One might have to legitimately ask about the thinking behind this particular children- targeted release. I have to admit that I was a little uncomfortable with the idea of reviewing this film at this particular time. I have two issues that are just unavoidable here:
They both deal with the film’s two central stars here. Bindi Irwin is the daughter of famed Crocodile Hunter Steve Irwin. You all remember Steve. He used to approach some of the most dangerous animals on the planet and quite casually tell us just how deadly they were while tempting them to tag him. We all suspected that Steve might one day get a little careless and get himself killed. The truth is that didn’t exactly happen. It wasn’t a particularly dangerous animal or any carelessness on Irwin’s part that led to his rather unexpected death a few years ago. It was a usually harmless stingray that sent a barb through his heart in what can only be described as an unfortunate freak accident. Now, even before his death, the family had been preparing their very young daughter to follow in Daddy’s rather unusual footsteps. Bindi’s done several documentary films, including her own television show in the wake of her father’s death. Here I can’t help getting the feeling that the appearance is somewhat exploitive of the whole business. When I look at Bindi’s mom in the extra features, I can’t shake the feeling that she’s cashing in here. I don’t know these guys, so I’m not trying to claim that I know their hearts and minds. I can only report the feeling it leaves me with, and it’s not a good one.

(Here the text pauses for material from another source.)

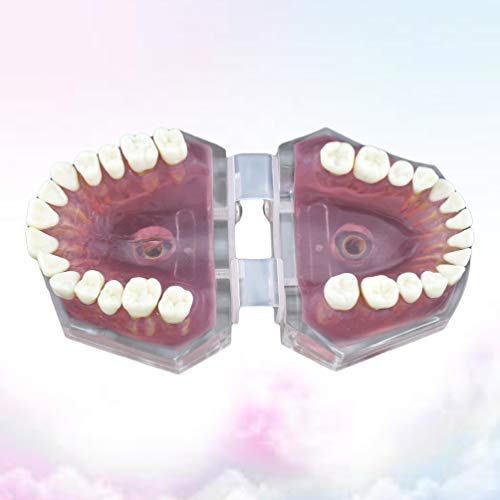 Започнете модел на заби модел Стома за настава на стоматолошки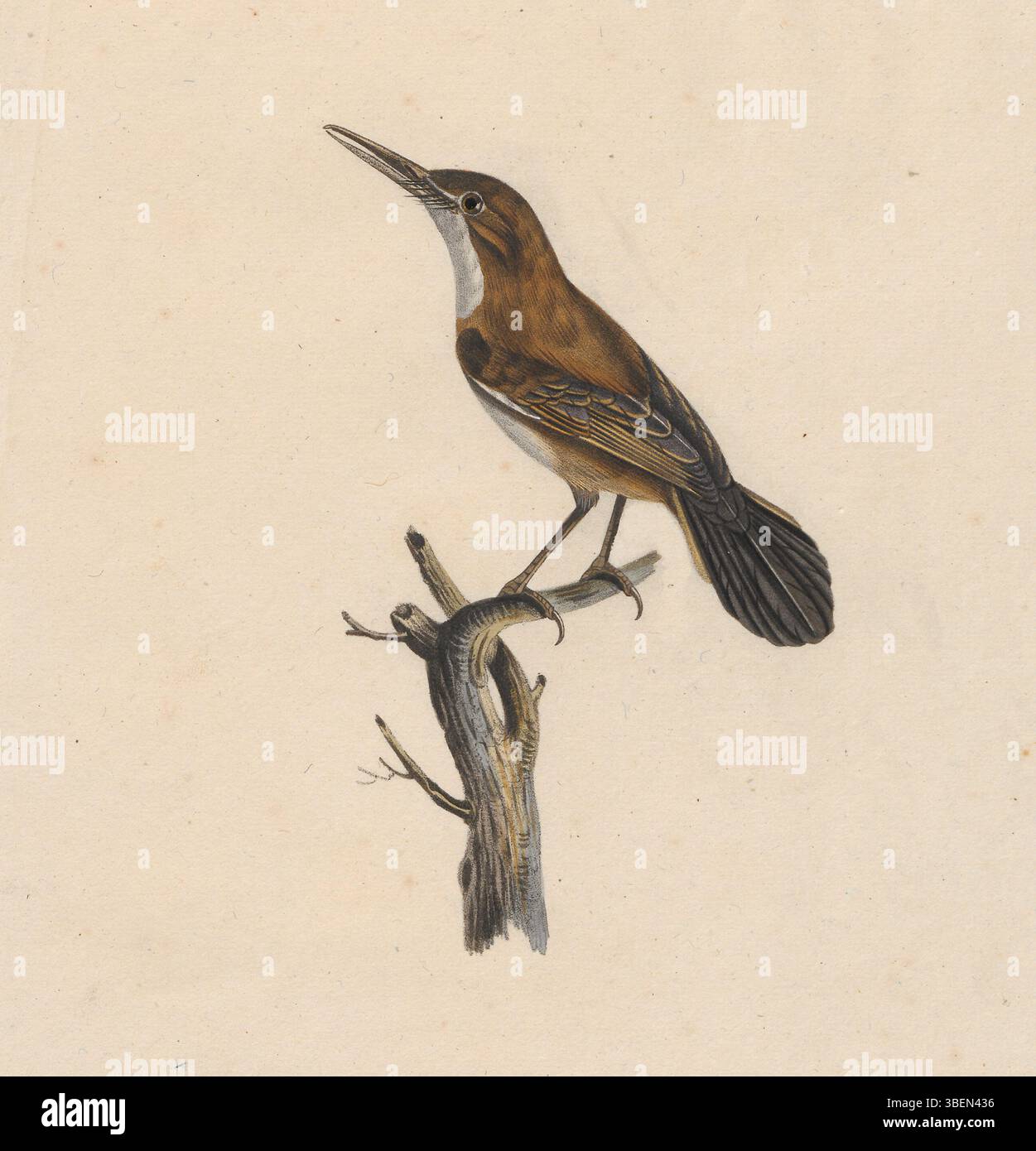 Questa stampa del XIX secolo di Paul Louis Oudart raffigura la specie di uccelli *Rhamphocaenus melanurus*, illustrando studi zoologici scientifici tra il 1825 e il 1834. Foto Stock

The second star of this particular film is Willy, a killer whale portrayed by both a real orca and a lot of computer generated graphics. I have two problems with Willy. The first has to do with another unfortunate event, this one more recent and relatively local for me. Just down the road in Orlando, Sea World is still reeling from a trainer being killed by an orca at that park. I’m not saying that the creatures are brutal or dangerous. It was one of those things, and the trainers understand the risks. But, as comedians are fond of telling us, it’s all in the timing. Of course, Warner had no way of knowing that such an accident would happen, and the film has likely been in production and release prep for over a year. Still, you have to wonder if it might have been a good idea to delay the release for a few months. You can’t deny that these tragic tie-ins take away some of the fun and sun aspect of the release, at least it did for me.
The second problem I have with Willy is the use of the computer generated segments. While they really do look quite good, they don’t match the real whale footage very much, and it breaks up the fantasy too much for me. Perhaps the kiddies are far more forgiving on this sort of thing, and it really won’t matter too much in the end to the targeted audience.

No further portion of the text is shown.